Dentre as raças de equinos mais comuns no Ceará, Amorim lembra do Quarto de Milha – principalmente em vaquejadas –, o Mangalarga Marchador – em passeios e em roças –, o Árabe e o Brasileiro de Hipismo, comum na prática esportiva. “A criação de cavalos é um segmento muito difundido, principalmente na Região Metropolitana.”
A médica veterinária, especialista em equinos e proprietária do Hospital de Equinos, Joilde Gadelha, analisa que há um crescimento no mercado de equinos nos últimos anos, pois muitas pessoas passaram a investir nesse ramo, tanto na modalidade de vaquejadas quanto em outros contextos, como o próprio hipismo, com eventos recorrentes.

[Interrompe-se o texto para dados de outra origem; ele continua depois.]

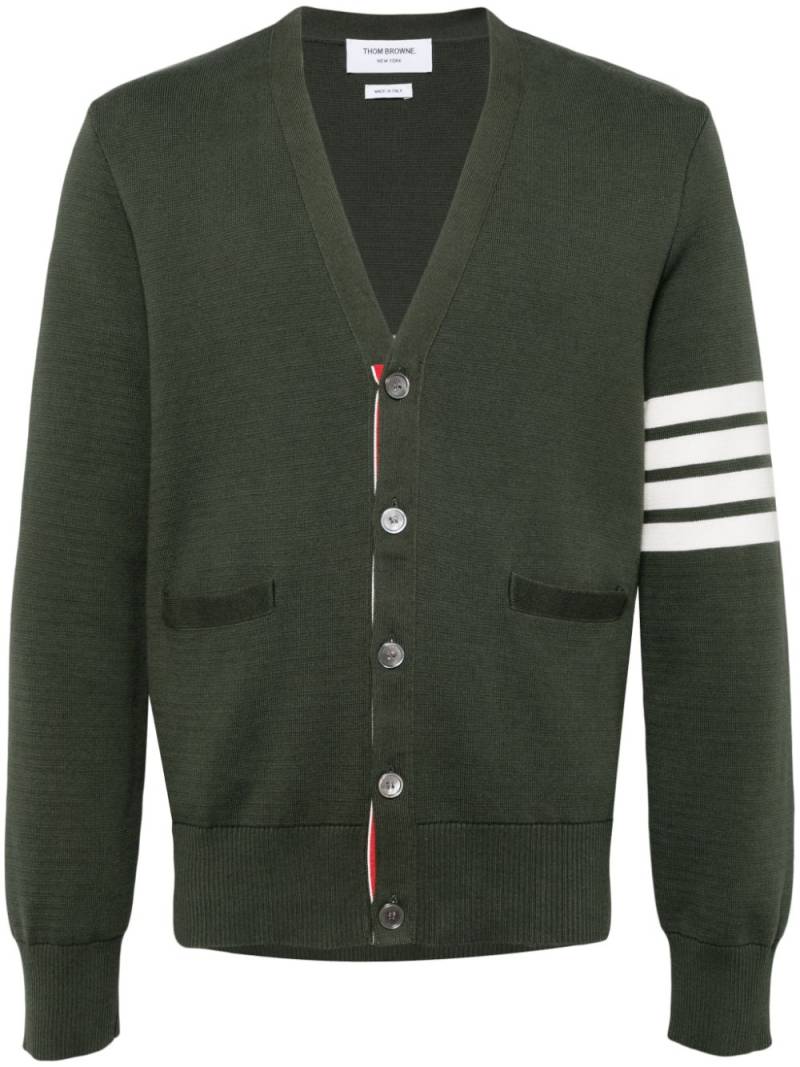 Thom Browne 4-Bar cotton cardigan - Green von Thom Browne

O atendimento veterinário para cavalos chega até a um salário mínimo, no valor de R$ 1.412, se for realizado com especialistas, como odontologia, fisioterapia, ortopedia e oftalmologia. No caso de clínicos gerais, a consulta varia entre R$ 300 a R$ 600, independentemente da raça do animal.
Mercado de equinos no Ceará
Joilde não considera os valores caros, mas compatíveis com o valor do cavalo, além de que os custos para se especializar na área são caros. “Essa especialização tem um custo de mais de R$ 40 mil e dura cerca de 18 meses. Para quem está iniciando e saindo de uma faculdade particular, é um valor considerado alto. Há dificuldades para a formação de turmas.”

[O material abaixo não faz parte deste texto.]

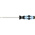 Wera Slotted Screwdriver, 3.5 mm Tip, 100 mm Blade, 181 mm Overall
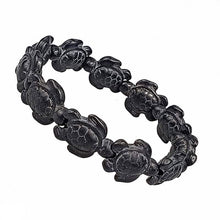 Load image into Gallery viewer, Handmade Turquoise Hawaiian Sea Turtles Bracelet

A médica veterinária com atuação no mercado de equinos, Livia Antunes, detalha que lida bastante com a medicina esportiva. “Esses cavalos recebem todos os cuidados que um atleta de alto rendimento tem, desde a parte reumatológica até a alimentação, cuidados locomotores, fisioterapia, suplementação. Temos todas as dificuldades semelhantes desses atletas.”

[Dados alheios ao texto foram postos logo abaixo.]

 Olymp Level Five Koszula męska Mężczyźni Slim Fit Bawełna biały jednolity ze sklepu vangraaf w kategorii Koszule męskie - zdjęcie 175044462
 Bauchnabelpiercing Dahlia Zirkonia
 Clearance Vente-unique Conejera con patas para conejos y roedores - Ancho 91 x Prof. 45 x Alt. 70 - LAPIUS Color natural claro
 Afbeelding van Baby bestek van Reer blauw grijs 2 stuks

Filiados à Federação Equestre do Ceará
“Além disso, precisamos lembrar que nossos pacientes não falam, então temos que ter a sensibilidade de perceber sinais e entender o que o cavalo está sentindo. Ele nos transmite de forma bem nítida a dor, o mal-estar e o estresse. Os exames complementares ajudam muito, mas essa sensibilidade é fundamental”, acrescenta Joilde.
O POVO questionou à Adagri sobre a quantidade de hípicas no Ceará, as raças mais comuns e o quantitativo de equinos por ano, mas não obteve retorno até a publicação desta reportagem.